Plus récemment, les lois de 2004 sur les aides à la pierre et le risque de saturnisme, celle du 18 juin 2005 dite de programmation pour la cohésion sociale à l'origine de la mise en oeur des politiques publiques. Cet objectif figure également parmi les missions de la LOLF et les actions du plan national santé-environnement 2004-2008, lequel évalue entre 400 000 et 600 000 le nombre de logements insalubres et fixe un objectif de 20 000 logements à traiter par an, soit par la démolition, soit par la réhabilitation.

L'urgence est donc incontestable. Dans mon département des Hauts-de-Seine, le plus riche de France, ce sont 26 000 logements insalubres qu'il faudrait traiter.

En dépit de ses louables intentions, l'ordonnance du 15 décembre 2005, qui visait à harmoniser, simplifier, faciliter et accélérer les procédures pour les immeubles insalubres ou en péril, s'est, pour une part, avérée contre-productive. Pour la commune de Gennevilliers, résolument engagée dans la lutte contre l'habitat indigne et qui a signé en 2003 un protocole avec l'État prévoyant l'éradication de 700 logements insalubres sur cinq ans, cette ordonnance s'est traduite par une lourdeur administrative et une charge financière supplémentaires.

En cause, la nouvelle rédaction de l'article L. 1331-26 du code de la santé publique, qui dispose, dans son second alinéa, que « l'insalubrité d'un bâtiment doit être qualifiée d'irrémédiable lorsqu'il n'existe aucun moyen technique d'y mettre fin, ou lorsque les travaux nécessaires à sa résorption seraient plus coûteux que la reconstruction ».

En interprétation de la nouvelle définition de l'« insalubrité irrémédiable », les services de l'État du département des Hauts-de-Seine ont estimé qu'il convenait de recourir à l'avis d'un homme de l'art – maître d'oeuvre, architecte, économiste de la construction – pour évaluer le coût des travaux nécessaires à la sortie de l'insalubrité afin de les comparer au coût de la reconstruction neuve du bâtiment.

Cette interprétation, semble-t-il réservée au département des Hauts-de-Seine, a des conséquences plus que fâcheuses pour ma commune et pour d'autres, comme Clichy et La Garenne-Colombes, qui, compte tenu du nombre important d'immeubles à traiter, doit recourir à une procédure de consultation pour choisir ce spécialiste.

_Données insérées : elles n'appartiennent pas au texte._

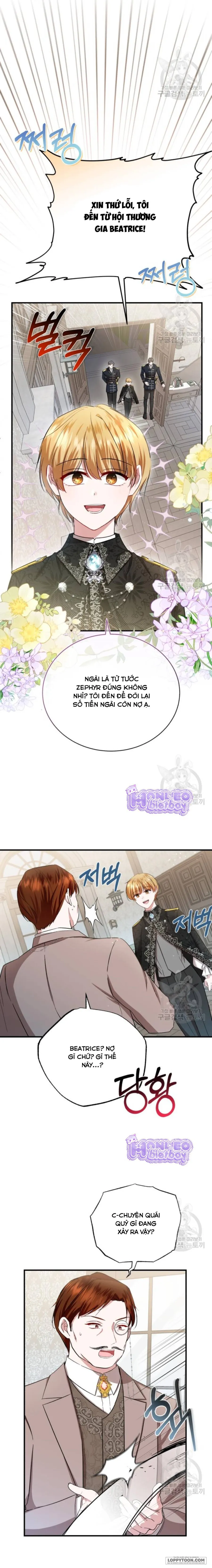 Tôi Sẽ Sống Thử Cuộc Đời Của Ác Nữ - Chap 18 - Trang 15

Cette obligation nouvelle de recourir à une prestation de service fournie par une personne extérieure à la commune, pour éviter, nous a-t-on dit, d'être juge et partie, outre qu'elle est d'un coût élevé, a eu aussi pour effet induit et grave de bloquer cinq dossiers d'immeubles insalubres qualifiés « irrémédiables » par nos services communaux d'hygiène, ce qui a pour conséquence de retarder considérablement leur passage en CODERST et, de ce fait, le relogement des personnes occupant ces immeubles, ce qui, vous en conviendrez, est plus grave.

Cette nouvelle définition de l'insalubrité irrémédiable diminue le nombre d'immeubles déclarés insalubres irrémédiablement et augmente ipso facto le nombre d'immeubles déclarés « insalubres remédiables ».

En cas de remédiabilité, les communes sont incitées à se substituer au propriétaire défaillant, notion floue, non définie juridiquement, et à réaliser les travaux d'office. Elles doivent ainsi assumer la responsabilité d'un maître d'ouvrage public sur une propriété privée, assumer à leurs frais, certes avec inscription d'un privilège spécial immobilier – c'est le décret du 11 juillet 2007 –, la prise en charge de l'hébergement des occupants durant les travaux nécessaires. Au final, le propriétaire défaillant recommence, en toute impunité, à percevoir des loyers, et cela sans aucun contrôle légal de son impossibilité réelle d'assumer lui-même, en direct, les travaux et la prise en charge de leur coût.

En conclusion, nous constatons que cette nouvelle définition de l'insalubrité irrémédiable impacte de manière négative celle de l'insalubrité remédiable. Elle favorise, en outre, le maintien de très nombreux occupants dans des immeubles seulement relativement rénovés, mais dont nous savons l'insuffisance, et qui feront toujours l'objet d'une sur-occupation.

Dans ces conditions, madame la ministre, nous nous demandons s'il ne conviendrait pas de revoir les termes de l'article L. 1331-26 du code de la santé publique.